Aprovecho su reciente pase en la televisión cubana para saldar una deuda de la columna: Los Fabelman (Steven Spielberg, 2022), película que toca muy de cerca a todos quienes amamos al cine.
Obra convertida en la visitación al germen del autor, al momento bendito cuando acunaba quimeras que se convertirían en epopeyas cinematográficas, este largometraje representa el testimonio de gratitud, el mensaje de amor del gran director estadounidense a la pantalla; como también a sus padres y a todos quienes de una u otra forma incidieron en su formación.
Al develarnos el relato de su infancia-adolescencia, tiempo este el de sus balbuceos como cineasta, el creador de 77 años no se guarda ninguno de esos grandes e indelebles momentos que lo definieron. Entre ellos figuran la primera vez que mamá y papá lo llevaron a la sala oscura a ver la que para él fue una cinta-premonición: El espectáculo más grande del mundo, de Cecil B.
DeMille; la felicidad de cargar una cámara; el ensueño de las filmaciones adolescentes; el encuentro con el genial John Ford…

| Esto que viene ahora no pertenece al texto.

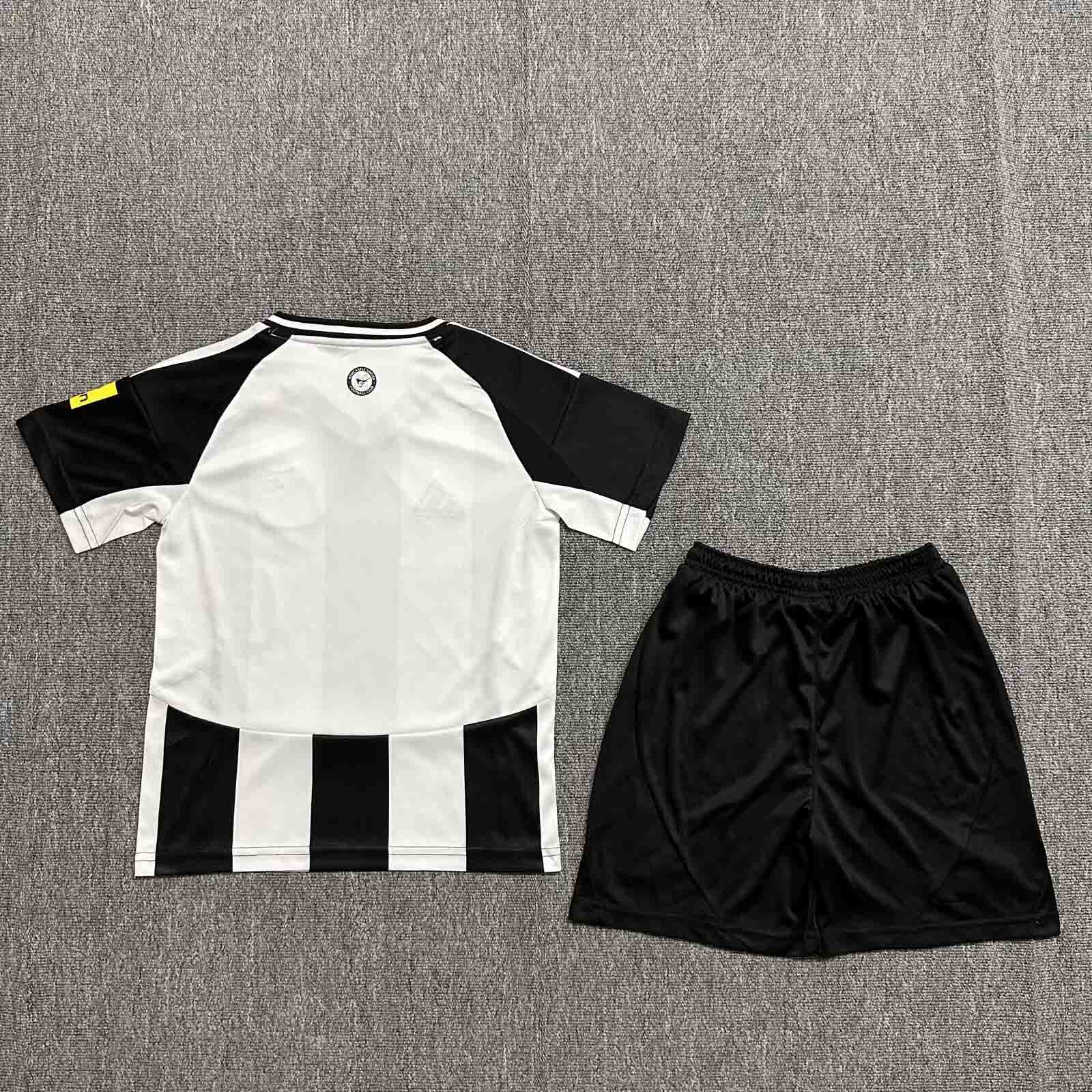 Newcastle United 2024/25 Home Kids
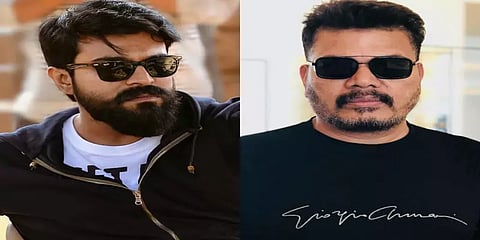 செப்டம்பர் 8-ல் தொடங்கும் ஷங்கர் -ராம் சரண் படப்பிடிப்பு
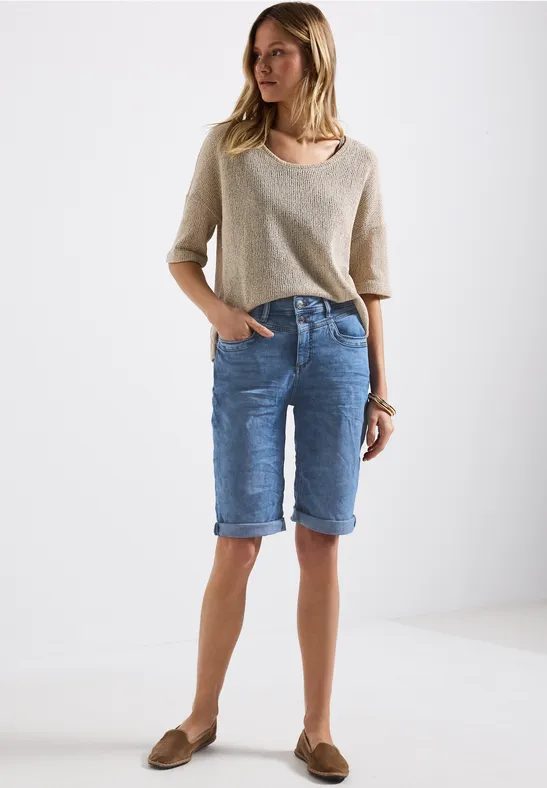 Bermuda Jeans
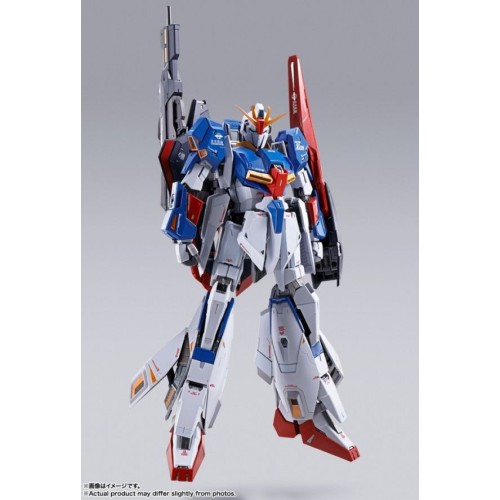 萬代 METAL BUILD MB合金 機動戰士Z鋼彈 ZETA鋼彈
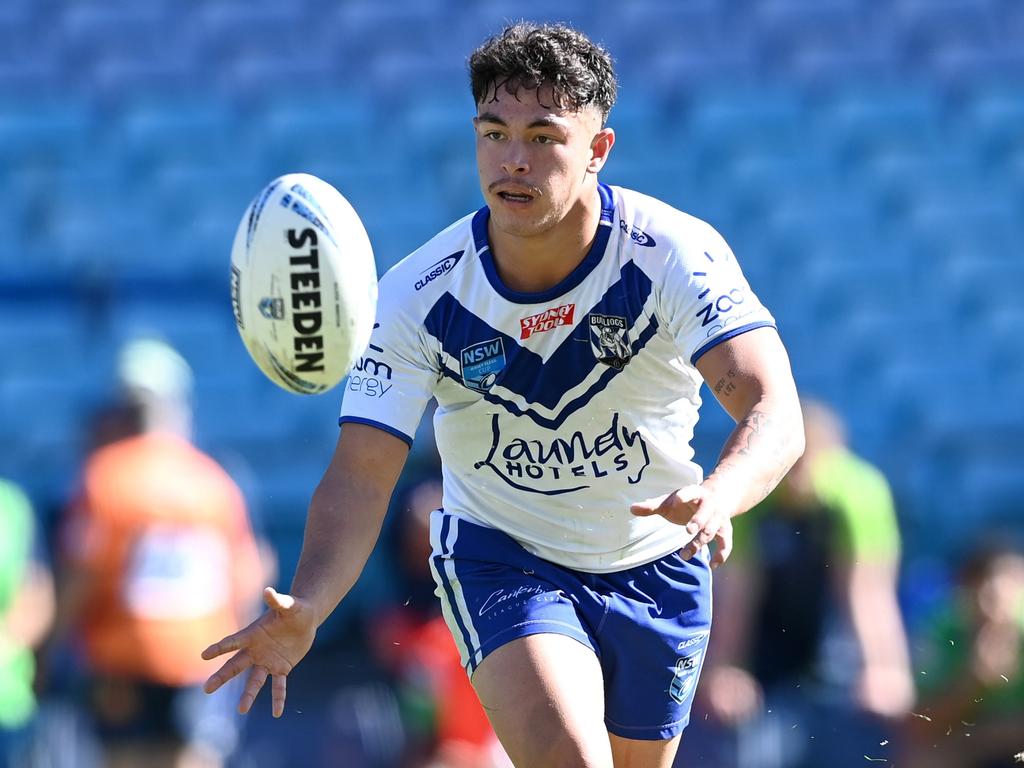 Jersey Flegg: Canterbury Bulldogs eye consecutive titles in grand final ...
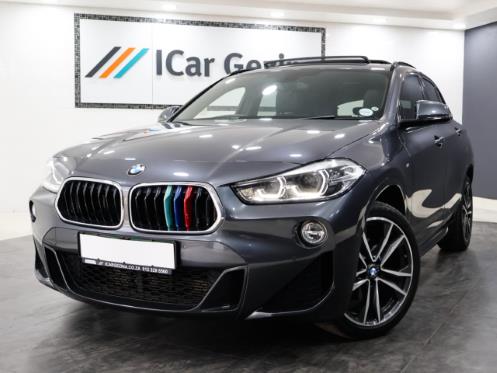 BMW X2 sDrive18i M Sport 2020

Tampoco oculta esas revelaciones dolorosas (conocer la infidelidad matrimonial de su madre); esos percances comunes a los muchachos poco comunes en los colegios (abuso escolar); u otras evocaciones inherentes a las memorias fílmicas, e igual a los documentos testamentarios. Porque, además de crónica familiar u oda al cine, Los Fabelman entra asimismo dentro de la categoría, reservada a unos pocos, del filme-testamento.
De forma curiosa, dado el tema, resulta uno de los filmes menos ampulosos y más contenidamente emotivos del –a veces proclive al desborde–, creador de E.T. y El color púrpura. Él no nos lega acá las estereotipadas «lecciones de vida» de tanto cine hollywoodense, sino sugerencias legítimas de cómo emprender, desde el ardor de las entrañas, esa senda de reivindicación personal de los objetivos, de comprometimiento eterno con las filias que nos definen.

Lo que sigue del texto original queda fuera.